Pulling Back the Curtain on ReLU Networks

Maciej Satkiewicz

Published: 2025/7/30

Abstract

Since any ReLU network is piecewise affine, its hidden units can be characterized by their pullbacks through the active subnetwork, i.e., by their gradients (up to bias terms). However, gradients of deeper neurons are notoriously misaligned, which obscures the network's internal representations. We posit that models do align gradients with data, yet this is concealed by the intrinsic noise of the ReLU hard gating. We validate this intuition by applying soft gating in the backward pass only, reducing the local impact of weakly excited neurons. The resulting modified gradients, which we call "excitation pullbacks", exhibit striking perceptual alignment on a number of ImageNet-pretrained architectures, while the rudimentary pixel-space gradient ascent quickly produces easily interpretable input- and target-specific features.

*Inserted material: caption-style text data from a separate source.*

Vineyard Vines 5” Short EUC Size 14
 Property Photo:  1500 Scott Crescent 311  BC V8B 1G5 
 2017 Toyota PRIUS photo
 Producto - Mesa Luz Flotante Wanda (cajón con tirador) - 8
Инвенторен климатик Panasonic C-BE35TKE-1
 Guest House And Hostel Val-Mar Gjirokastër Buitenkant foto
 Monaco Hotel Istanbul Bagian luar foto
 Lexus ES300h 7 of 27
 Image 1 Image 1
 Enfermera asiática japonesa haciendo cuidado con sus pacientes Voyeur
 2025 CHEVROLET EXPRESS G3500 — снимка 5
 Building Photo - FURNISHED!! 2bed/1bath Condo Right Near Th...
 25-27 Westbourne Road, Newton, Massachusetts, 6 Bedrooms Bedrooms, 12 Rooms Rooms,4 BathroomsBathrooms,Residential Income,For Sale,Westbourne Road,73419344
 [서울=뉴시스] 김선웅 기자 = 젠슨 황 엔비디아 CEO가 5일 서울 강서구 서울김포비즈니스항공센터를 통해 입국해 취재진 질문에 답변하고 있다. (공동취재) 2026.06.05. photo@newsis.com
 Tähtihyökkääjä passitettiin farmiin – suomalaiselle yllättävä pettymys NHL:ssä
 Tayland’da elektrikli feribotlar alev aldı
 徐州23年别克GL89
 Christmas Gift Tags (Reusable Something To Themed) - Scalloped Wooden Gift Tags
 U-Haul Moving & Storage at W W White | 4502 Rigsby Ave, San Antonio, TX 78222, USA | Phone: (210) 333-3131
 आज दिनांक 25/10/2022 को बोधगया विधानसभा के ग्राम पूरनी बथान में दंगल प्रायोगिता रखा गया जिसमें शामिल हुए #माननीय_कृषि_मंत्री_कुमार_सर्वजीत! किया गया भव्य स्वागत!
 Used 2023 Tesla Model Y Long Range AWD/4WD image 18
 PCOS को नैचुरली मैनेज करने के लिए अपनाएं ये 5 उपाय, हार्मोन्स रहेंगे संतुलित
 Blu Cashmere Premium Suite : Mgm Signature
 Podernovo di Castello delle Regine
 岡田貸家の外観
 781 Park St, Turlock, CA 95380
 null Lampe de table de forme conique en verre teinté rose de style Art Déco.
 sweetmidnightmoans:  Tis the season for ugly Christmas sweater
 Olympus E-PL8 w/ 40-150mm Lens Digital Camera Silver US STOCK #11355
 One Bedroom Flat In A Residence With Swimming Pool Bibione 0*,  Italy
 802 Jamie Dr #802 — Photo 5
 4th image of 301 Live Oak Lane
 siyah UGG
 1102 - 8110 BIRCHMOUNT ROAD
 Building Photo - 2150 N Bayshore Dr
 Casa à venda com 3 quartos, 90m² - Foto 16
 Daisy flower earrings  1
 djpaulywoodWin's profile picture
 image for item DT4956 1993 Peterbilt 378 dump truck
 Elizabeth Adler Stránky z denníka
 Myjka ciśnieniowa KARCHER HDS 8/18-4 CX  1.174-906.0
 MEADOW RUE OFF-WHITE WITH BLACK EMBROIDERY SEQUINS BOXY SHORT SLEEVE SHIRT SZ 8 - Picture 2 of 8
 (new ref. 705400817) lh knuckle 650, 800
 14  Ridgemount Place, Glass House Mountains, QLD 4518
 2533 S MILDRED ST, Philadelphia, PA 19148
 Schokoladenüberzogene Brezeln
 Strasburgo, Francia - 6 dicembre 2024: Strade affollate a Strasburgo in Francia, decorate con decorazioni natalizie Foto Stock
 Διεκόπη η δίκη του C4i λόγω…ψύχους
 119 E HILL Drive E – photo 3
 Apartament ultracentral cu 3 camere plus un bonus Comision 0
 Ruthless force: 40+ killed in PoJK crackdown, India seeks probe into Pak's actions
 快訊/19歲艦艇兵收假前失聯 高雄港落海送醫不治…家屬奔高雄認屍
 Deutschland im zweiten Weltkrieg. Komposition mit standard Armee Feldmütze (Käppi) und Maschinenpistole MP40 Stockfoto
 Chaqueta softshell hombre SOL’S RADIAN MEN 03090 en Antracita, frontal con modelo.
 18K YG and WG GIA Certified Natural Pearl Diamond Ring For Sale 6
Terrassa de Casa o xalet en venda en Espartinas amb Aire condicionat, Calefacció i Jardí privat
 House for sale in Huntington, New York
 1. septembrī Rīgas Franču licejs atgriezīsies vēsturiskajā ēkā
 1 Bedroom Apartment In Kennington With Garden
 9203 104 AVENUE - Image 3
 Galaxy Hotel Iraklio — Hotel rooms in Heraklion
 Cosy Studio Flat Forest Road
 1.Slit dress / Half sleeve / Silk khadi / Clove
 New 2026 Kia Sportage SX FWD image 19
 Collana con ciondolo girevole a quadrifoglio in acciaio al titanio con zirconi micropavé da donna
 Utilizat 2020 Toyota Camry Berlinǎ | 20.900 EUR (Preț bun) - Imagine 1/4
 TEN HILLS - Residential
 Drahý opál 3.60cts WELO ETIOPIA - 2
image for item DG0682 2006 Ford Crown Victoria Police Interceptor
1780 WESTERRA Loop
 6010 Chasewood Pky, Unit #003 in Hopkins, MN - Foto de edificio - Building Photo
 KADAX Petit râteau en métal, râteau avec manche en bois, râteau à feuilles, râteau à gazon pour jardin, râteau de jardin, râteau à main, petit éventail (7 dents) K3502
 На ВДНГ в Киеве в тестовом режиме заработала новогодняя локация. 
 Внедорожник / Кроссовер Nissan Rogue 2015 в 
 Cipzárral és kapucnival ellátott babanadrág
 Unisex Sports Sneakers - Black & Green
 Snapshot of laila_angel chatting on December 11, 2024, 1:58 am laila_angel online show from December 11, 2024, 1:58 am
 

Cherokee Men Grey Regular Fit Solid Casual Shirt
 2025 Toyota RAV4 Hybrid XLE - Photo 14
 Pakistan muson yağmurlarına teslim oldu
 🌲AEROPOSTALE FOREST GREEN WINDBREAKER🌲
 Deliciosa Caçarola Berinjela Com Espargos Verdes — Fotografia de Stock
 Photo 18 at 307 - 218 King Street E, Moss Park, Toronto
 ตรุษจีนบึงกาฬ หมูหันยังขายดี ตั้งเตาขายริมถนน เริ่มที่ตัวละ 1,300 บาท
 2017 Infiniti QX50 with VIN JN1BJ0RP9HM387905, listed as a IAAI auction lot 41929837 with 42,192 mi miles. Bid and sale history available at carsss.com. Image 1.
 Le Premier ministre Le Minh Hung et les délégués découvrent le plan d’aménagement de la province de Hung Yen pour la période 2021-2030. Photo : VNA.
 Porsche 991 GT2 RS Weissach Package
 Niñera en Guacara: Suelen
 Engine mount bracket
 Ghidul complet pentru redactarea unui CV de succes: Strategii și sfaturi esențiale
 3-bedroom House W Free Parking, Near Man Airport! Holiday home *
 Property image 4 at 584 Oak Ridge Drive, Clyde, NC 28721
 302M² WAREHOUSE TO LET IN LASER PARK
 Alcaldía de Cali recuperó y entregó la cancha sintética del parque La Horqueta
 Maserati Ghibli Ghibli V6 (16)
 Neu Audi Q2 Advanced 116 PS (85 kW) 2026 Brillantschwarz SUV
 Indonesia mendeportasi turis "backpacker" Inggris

Inspired by these findings, we formulate the "path stability" hypothesis, claiming that the binary activation patterns largely stabilize during training and get encoded in the pre-activation distribution of the final model. When true, excitation pullbacks become aligned with the gradients of a kernel machine that mainly determines the network's decision. This provides a theoretical justification for the apparent faithfulness of the feature attributions based on these pullbacks, potentially even leading to mechanistic interpretability of deeper models. Incidentally, we give a possible explanation for the effectiveness of Batch Normalization and Deep Features, together with a novel perspective on the network's internal memory and generalization properties. We release the code and an interactive app for easier exploration of the excitation pullbacks.